In the same film is a beautiful example of using altered chords for emotional expression, or to make you feel something that is being felt in the scene. This film is filled with moments like this. The subtle change in the middle of a chord can push the ambience of a film’s scene in to a very dark, very hopeful, very scary, or very happy moment, and within just a second, and within just a note. It’s fascinating to me. What drives me pleasurably insane about this film score is that it carries you through the journey leading you up intolerably to…something. But somehow it seems to bypass that something to simply continue on the journey, but along the way drops you beautiful lingering strands of sound that fulfill something that you did not realize you were moving toward. The pulse also often sounds much like a march, which visually and audibly suggest movement. So in a way, I guess hearing the film score in what in real life would be a moment where time would stop, like a terrible accident, horrible news, or a breathtaking discovery or surprise…the music in these moments makes sure that you do not lose touch with the progression of the film and get lost in that moment, unless of course that’s what the film maker wants you to do.

 

 

There are yet other arguments to be made about the effectiveness of film score to be measured by whether or not you actually notice it while you’re watching the movie. Perhaps it should be just below the surface. I can see this point I think. It’s the same way that a really good character actor performance will fly by under the radar, but when you really think about it that character actually made the movie. I think that this is most valid on the very first viewing of the movie. When you are so wrapped up in what’s going on on screen, the audio enhancement that is boosting the emotions may be pushed back into the subconscious, but still be every bit as effective as if you were pointedly listening to it. Anyway, one of my favorite scenes from an Aranofsky film and an example of the third category of film score devices, the accent/ambience, is shown here in a scene from Pi (1998, Clint Mansell).

 

 

The sound is barely above the level of sound effect, but it is there, and it underscores the intensity of Max’s passion and the significance of the argument the two characters are having. Then notice how it drops even lower almost to nothing as the scene culminates and refocuses on the dialogue, “…you’re no longer a mathematician, you’re a numerologist.”
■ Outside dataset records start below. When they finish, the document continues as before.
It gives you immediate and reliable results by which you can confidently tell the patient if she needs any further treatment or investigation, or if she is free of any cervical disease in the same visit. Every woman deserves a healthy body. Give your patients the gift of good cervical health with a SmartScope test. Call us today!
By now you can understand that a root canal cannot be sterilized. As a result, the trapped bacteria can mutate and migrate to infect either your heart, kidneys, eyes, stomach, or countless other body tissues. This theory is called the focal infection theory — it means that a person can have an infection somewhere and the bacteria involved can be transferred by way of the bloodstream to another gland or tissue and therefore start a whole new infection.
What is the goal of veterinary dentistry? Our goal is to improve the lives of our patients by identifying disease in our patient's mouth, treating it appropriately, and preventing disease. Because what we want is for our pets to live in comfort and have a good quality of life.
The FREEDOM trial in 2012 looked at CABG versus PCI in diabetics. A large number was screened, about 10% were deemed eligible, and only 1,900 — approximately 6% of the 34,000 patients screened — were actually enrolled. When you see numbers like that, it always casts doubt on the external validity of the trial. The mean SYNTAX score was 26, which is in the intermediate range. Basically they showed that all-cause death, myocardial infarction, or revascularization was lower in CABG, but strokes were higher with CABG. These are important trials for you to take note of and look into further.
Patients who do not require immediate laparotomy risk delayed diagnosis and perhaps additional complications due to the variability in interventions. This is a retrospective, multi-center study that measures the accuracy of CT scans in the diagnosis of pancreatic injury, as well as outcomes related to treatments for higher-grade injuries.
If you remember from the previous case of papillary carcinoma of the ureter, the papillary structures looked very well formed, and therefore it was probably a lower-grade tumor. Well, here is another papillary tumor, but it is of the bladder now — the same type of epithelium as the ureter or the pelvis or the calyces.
Now for some of the most beautiful film score evolutions I love to hear in movies. They are similar but there is a marked difference, at least to me. The first is epic crescendo repeat which uses the climbing volume levels to climb alongside the intensity or drama that is happening visually. The phrase or theme is repeated, but the volume begins to raise and that theme becomes embellished until it swells into a beautiful storm swirling just above the climactic moments in a scene.

spoilers

 

The embellishments of the phrase with the strings in “Time” in the film Inception (2010), composed by Hans Zimmer, take the emotional level that much higher and adds a level of interest that makes the images more intense even than they may have been before. In the above example, the music actually works to decompress the tension, whereas earlier in the film the same theme was used to intensify the action.
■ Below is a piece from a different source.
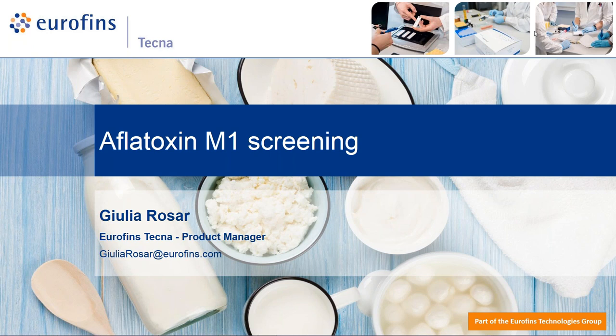Good morning and good afternoon to everyone. I am Evelina Parisi from Eurofins Tecna Cess Department. Eurofins Tecna was founded 25 years ago and today is the competence center for mycotoxins in the Eurofins Technologies Division. The two-day webinar will be held by our product manager Giulia Rosa. Please, Giulia.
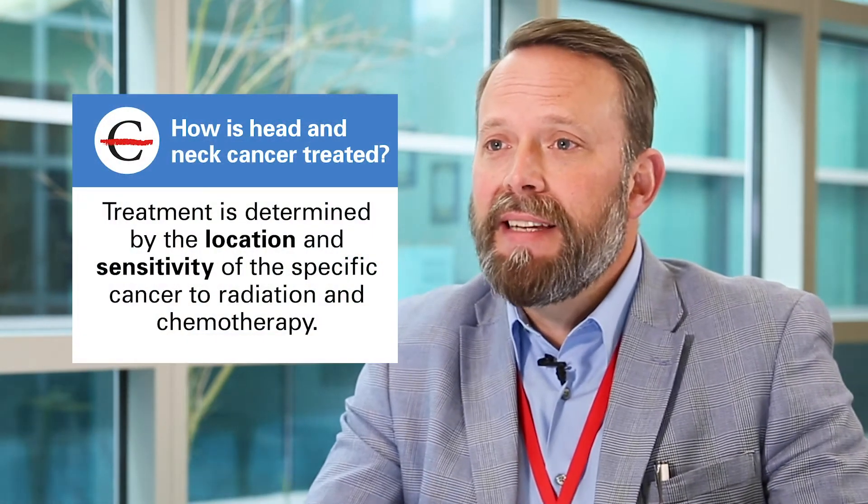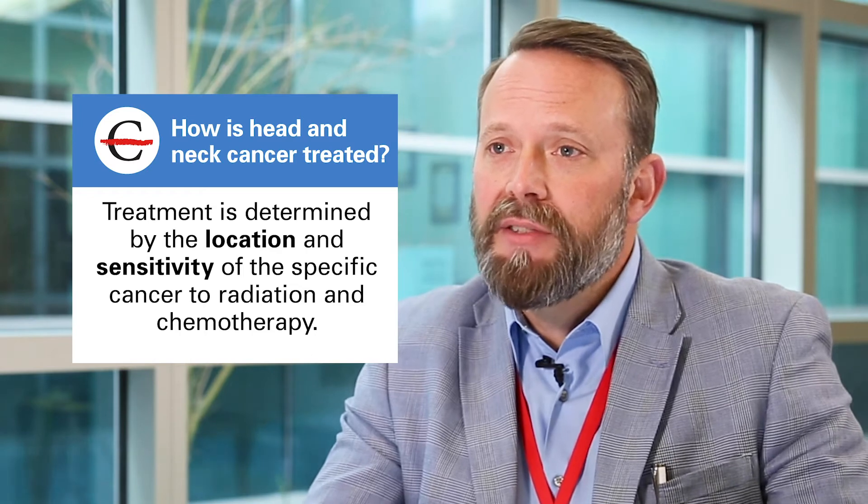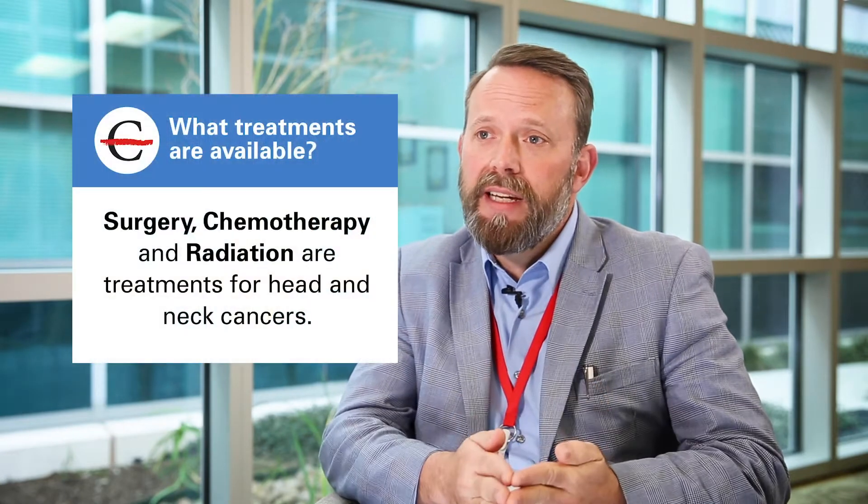The usual treatment course for head and neck cancer is largely determined by the location and the sensitivity of that particular cancer cell type to chemotherapy and radiation. Patients with earlier stage disease may be suitable for treatment with a single modality, meaning one type of treatment — either surgery or radiation. Patients with more advanced tumors will require a combination of treatment: surgery, radiation, chemotherapy, in some combination.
And finally, the epic crescendo bloom. This is a movement in the score that does nothing but grow. It moves right alongside the escalation of the action with no hidden agenda. Pure force and power that sometimes even surpasses the movement or intensity in the film. Here are a couple of my favorites. Two clips from The Neverending Story (1984, Klaus Doldinger and Giorgio Moroder), and A Beautiful Mind (2001, James Horner).

 

 

 

In conclusion, I would like to end with one of my favorite movie/action/film score combinations of all time, something I have commemorated on my left forearm as a tribute to all that Masanobu Ando and Katsuhito Ishii are, and have accomplished to me personally in the film Smuggler (2011, Toshio Nakagawa).

 

 

And, finally, the final light saber battle between Luke and Darth Vader in Return of the Jedi (1983, John Williams). THE GREATEST FILM/FILM SCORE SYNTHESIS OF ALL TIME !

 

 

 

 

 

 

 

 

 

 

 

 

 

Upstream Color, by Shane Carruth (2013)

 

Without a doubt, the major implement of effect for me in this movie is the film score. The images and sounds are so symbiotic the film feels like more of a ballet at times than a narrative work. What is impressive to me is that Shane Carruth directed, acted in and indeed wrote the beautiful score. A true “auteur” if any creator can be called one. I want to earnestly say that if the viewer were staring at a barren field for two hours listening to this score, he would be convinced the whole way that something big is just about to happen. This feeling is pervasive throughout nearly the whole film. You are given pieces of information through images and the storyline isn’t so cryptic that the viewer is at any point clueless as to what has happened. Therefore, the majority of the attention is placed on the reaction, the emotional effect and disturbances. Instead of hitting you square with the shocking details, the film instead lets the viewer’s mind simmer within the reality that neither character can escape from, like the pervasive and relentlessly edgy music. It is so clever to me that the music is simultaneously mellow and tense. Like someone learning gradually to accept a horrible occurrence in their life that they can do nothing about.

 

The main characters, Kris (Amy Seimetz) and Jeff (Shane Carruth), are inflicted with pain of loss in a major way. Afterwards, they find each other, without any memory of what had happened to them. Slowly the experience nestled in their subconscious moves to the surface, like the plant chemical used to poison them floating through the water from the piglet’s guts towards the end of the movie. In the end, Kris finds some measure of solace when she discovers the home of the man who has done this to her and Jeff and kills him. Later the two find the pigs that have become forcibly connected to each of the victims of “The Sampler” (Andrew Sensenig) and the Thief (Thiago Martins), which is a very long list. The Sampler seems almost unaware of what he is doing to his victims, until finally one of them, Kris, joins her eyes with his. The Sampler’s eyes look away immediately, dance back and forth as if confused, then in a parallel set of shots walks in the same sluggish way as his victims across the floor of an empty, colorless building (a pig-sty) then leans against a wall (the barn) before sliding down it to the floor, clutching his heart (the gunshot and shooter only visible in the muddy pig-sty shots). Why is this scene shot to show the same event happening in two places? Is only one physical, the other mental? And why? For me, what’s pivotal here is the exchange between Kris and the Sampler that happens in an instant through their eyes.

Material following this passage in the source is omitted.